# Psychiatry - Reliable career or not?



## Ming (Apr 7, 2010)

ENFP here, and being that, I can't decide on my career. There's too many, and they're all screaming 'EAT ME', and I can't choose.

I'm hoping to get some insight on Psychiatry, and maybe some information on careers that might be suitable for me...

I guess I'll just put down a few of the 'personal criteria' -

*I like new things. New people. MUST MEET PEOPLE. Preferably help them in some way. (Ennegram 2 here)
*I like communication. (Thus, why I considered marketing is a fair choice)
*I can learn. LEARN. Without having to focus too HARD. (Well, I'd do it if it was really necessary!) Preferably about personality and human psyche/brain.
*I like thinking in another person's shoes (Empathy?). - Thus why acting is good also.
*I like challenges; and I'm quite ambitious. I'm willing to work hard, but only ONCE I'VE ACTUALLY SET MY MIND FOR ONCE.

Help? :crazy:


----------



## Siggy (May 25, 2009)

Psychiatry may not be your best option. You need to go to med school and in the working environment there isnt much interaction, mostly prescribing meds.

Psychology however may be a better alternative. There is a lot of one on one interaction with people. and it is certainly a helping profession. You can choose which mental disorders you want to treat, and you can work alone or in an institution. There are also different fields within psychology. Industrial psychology focuses on problems in work environments 

Teaching is a possibility. Its a combination of meeting new people and learning new things. There is some flexibility regarding age groups.


----------



## Obstructions (Feb 21, 2010)

What Sigmund said. Psychiatry requires medical school, and as well you're dealing with people who may have just a small problem to ones who have no motor function at all. You need to be tolerate if a patient harms you due to there illness, and other things such as that.

Also, my mother is a medical liason for neuro medications, so she is in touch with psychiatrists from her experience, the successful ones are absolutely fascinated by the diseases, as well as somewhat a bit off the rocker. Now this doesn't mean that all physciatrists are loony, but when you go into an uncommon specialty, your going to meet more uncommon people.

But I would stick with Sigmund's suggestions of teaching or psychology.


----------



## Ming (Apr 7, 2010)

What kind of career choices are available if I choose psychology? 
Is it possible to be a lecturer? (I find being a university lecturer seems good as well...)

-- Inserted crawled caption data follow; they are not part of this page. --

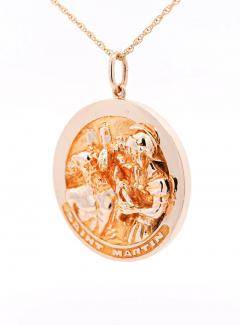 Vintage 14k Solid Gold Carved Medallion Pendant Set of 3 by William Ruser - 3510119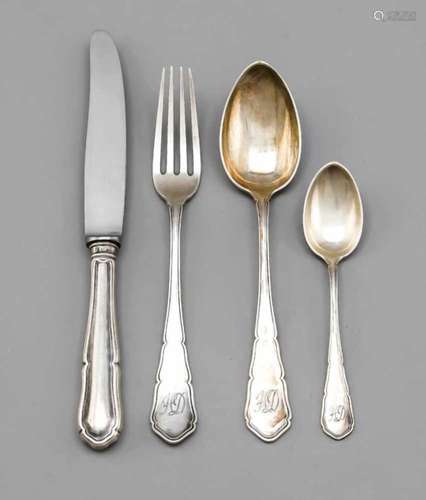 Dessert cutlery for six persons, German, 20th century, hallmarked Körner & Pröll, Berlin,silver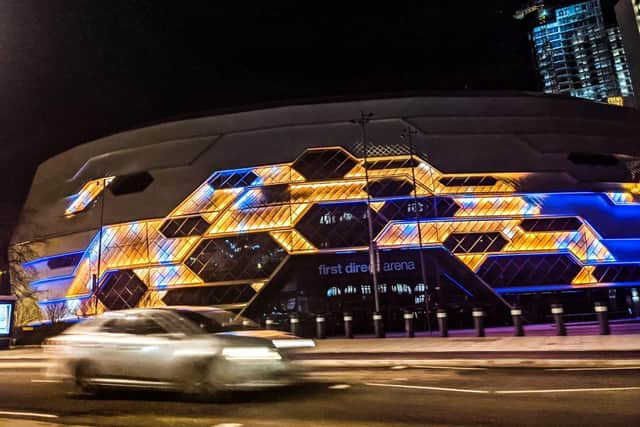 First Direct Arena will be lit up 'labrador yellow' and blue.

(And I am interested in psychiatry BTW. There's something about genes, brain, and other medical images that swirl around my head. I find it...cool. There's something interesting about it; but I don't know what. I was ALWAYS interested in biology/human body, especially the brain.)

I'm more interested in either a) Communications or b) Some career that involve studying the brain. c) Studying the mind.


----------



## Siggy (May 25, 2009)

University lecturer, yes but most have had some clinical experience. There is an option to work solely on the research end of it. like in NIMH. the national institutes of mental health.


----------



## firedell (Aug 5, 2009)

The thing with psychology and psychiatry is going to get the job. Not to put your dreams in the bin, or anything, but it is very competitive. So finding a job afterwards obviously will take a bit, and maybe you will have to look at jobs like counselling just to pay the bills. 

Mostly though for jobs like that, you will be over qualified.


----------



## Cloud_Nine (Oct 17, 2010)

Ming said:


> ENFP here, and being that, I can't decide on my career. There's too many, and they're all screaming 'EAT ME', and I can't choose.
> 
> I'm hoping to get some insight on Psychiatry, and maybe some information on careers that might be suitable for me...
> 
> ...


I did my elective rotation at a psychiatric hospital for my PharmD degree.

In psychiatry, there is definitely communication involved; it is mostly directive communication though  You will ask your patients specific questions to assess their cognitive functions. At times, you will need to use directive communication to redirect your patients' aggressive behaviors.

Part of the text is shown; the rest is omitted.